Reeves is a walking advertisement for the course. He’s seen the power of implementing something new first hand. He’s changed the way he conducts business, and he continues to change.

This year’s course offered many tips on how to institute better practices for branding, marketing, planning and executing sound business fundamentals. And while Reeves says the business planning, forecasting and branding were the most informational of all the courses, he says that the one thing he really picked up on this year was the importance of service department follow-up.

“I can promise you,” he says, “we’ll take the forms that are in this book and we’ll institute that Monday morning.”

Big commitment
Yamaha believes helping dealers improve profitability is the best training it can offer. Dyskow says he doesn’t know a better way to increase sales and strengthen the business of the company’s 2,000 or so dealers than through training.

But the initiative is a monumental investment. Yamaha spends more than $1 million a year on the program, and it’s not just a one-, two- or three-year program.

“When we started this, I told all of our people that this has got to be a 10-year investment in order for us to make the commitment to initiate this,” Dyskow says. “That doesn’t mean we stop after 10 years, but you can’t expect an instantaneous turnaround. Have we seen progress? Yes. Do we get testimonials? Yes. You’ve probably heard some at this event. But this is a long-term commitment on our part. You can’t do this for one or two years and stop.”

The course isn’t just about presenters speaking to an audience, either. The three-ring binder that Reeves says is his business bible, to which he refers on a weekly basis, is nearly 400 pages.

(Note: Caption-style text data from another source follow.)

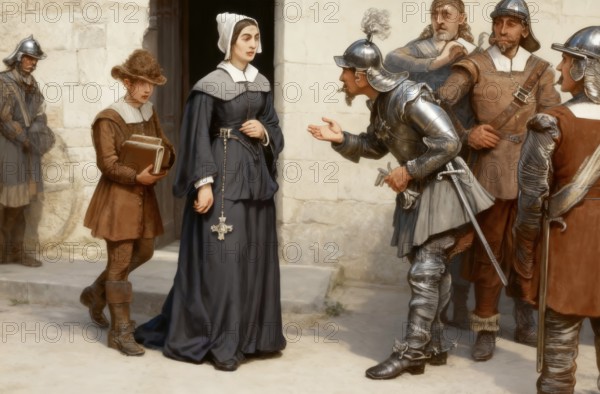 Infamous highwayman John Cottington, known as Mull Sack, stealing a watch and chain from Lady Fairfax, Anne de Vere, London, Fleet Street, 17th century, England, United Kingdom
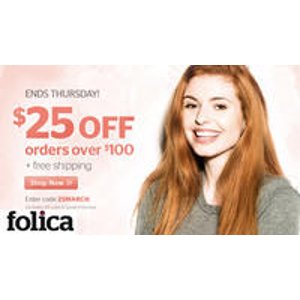 Folica：订单满 $100, 立减 $25 OFF，并且免运费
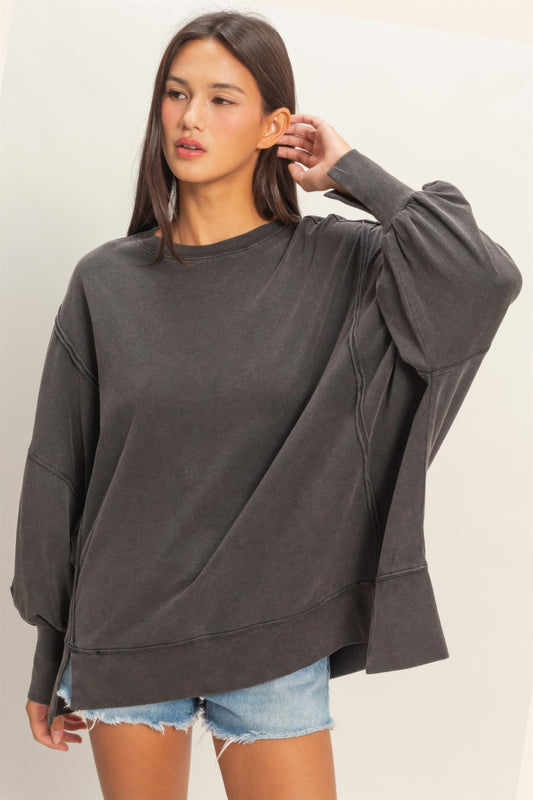 hyfve oversized seam Hyfve Oversized Seam Detail Long Sleeve Top view 2 (top) - shop at us.meeeshop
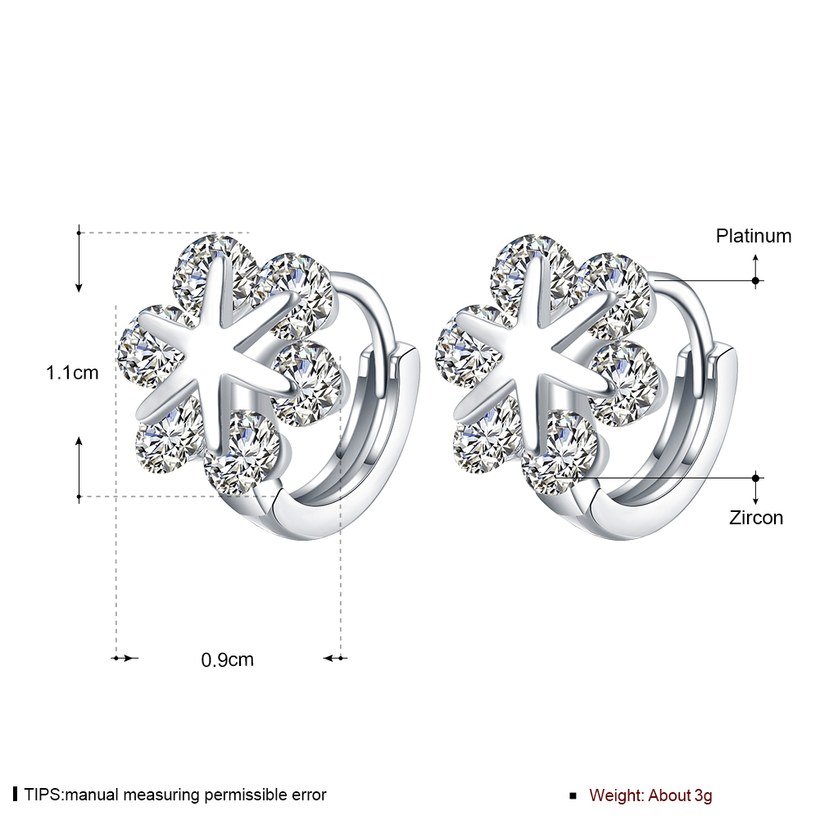 Wholesale Clip Earrings for Women Silver crystal Jewelry Accessories Snowflake Shape Zircon Gemstone Earring Wedding Engagement Gift TGCLE066 0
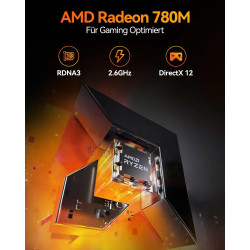 GEEKOM A8 Mini PC mit AMD Ryzen 7 8745HS(3-Jahren-Garantie), 32GB DDR5&1TB SSD Windows 11 Pro Mini Computer, AMD Radeon 780M |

It includes forms for building your own accounting system, developing a better system in the service department and a calendar to develop a marketing plan, with tips from experts like Jay Conrad Levinson, the author of Guerilla Marketing. Additionally, Yamaha gave a dealer management CD to every participant to give them the tools to begin planning, forecasting and running financial reports – three keys to business success.

Reeves sums it up: “You can’t live in the marine industry day-by-day. You’ve got to plan and you’ve got to forecast your future.”

Admittedly, Yamaha has a selfish interest in the program. A healthy dealer body benefits the manufacturer as much as it does the dealer. The reality is, though, that most of the engine builder’s dealers sell other brands as well.

“We aren’t trying to wave our own flag in this thing,” Dyskow says. “We just hope that when it’s all said and done, we have a stronger dealer organization as a result. And if we do, we’re going to benefit from that. The investment will pay back tenfold. We’re hoping we get a good return on this over the long haul, because it is a long-term commitment.”

Training in the plans

Last year, Reeves attended the symposium by himself.

This year, he attended the New Orleans seminar with his service manager. And next year, he plans to bring his business manager. In fact, he says, he nearly attended the Orlando meeting two weeks later with another of his department managers.
“It’s not just an owner’s meeting,” he says. “This is a program that can basically open the eyes of all of your employees.

“It’s pretty neat when you have an employee who wants to sit up at night after dinner until 10:30 talking about different changes we can make to improve. This course has basically lit a fire under my service manager that’s unbelievable. His eyes have been opened to a whole new world.”

Yamaha knows the average marine dealer doesn’t make a lot of money. And it also knows that by helping with the costs (50% paid and 50% co-op eligible), it’s onto something big with the event. The first session of the seminar demonstrated how every piece of a dealership’s business can lead to profitability. The rest of the seminars detailed how to make systems operate better.

No matter what it was that was taken away from the event, however, Yamaha hopes that each dealer implements at least one thing. For Reeves, that’s a no-brainer. Especially after the results he got last year.

“If you don’t, you’re not hungry” he says. “You can be hungry, or you can be full. And I’m about as hungry as they get because I want to be successful and I want to be No. 1. And the only way I’m going to do that is to implement anything and everything I can out of this course.”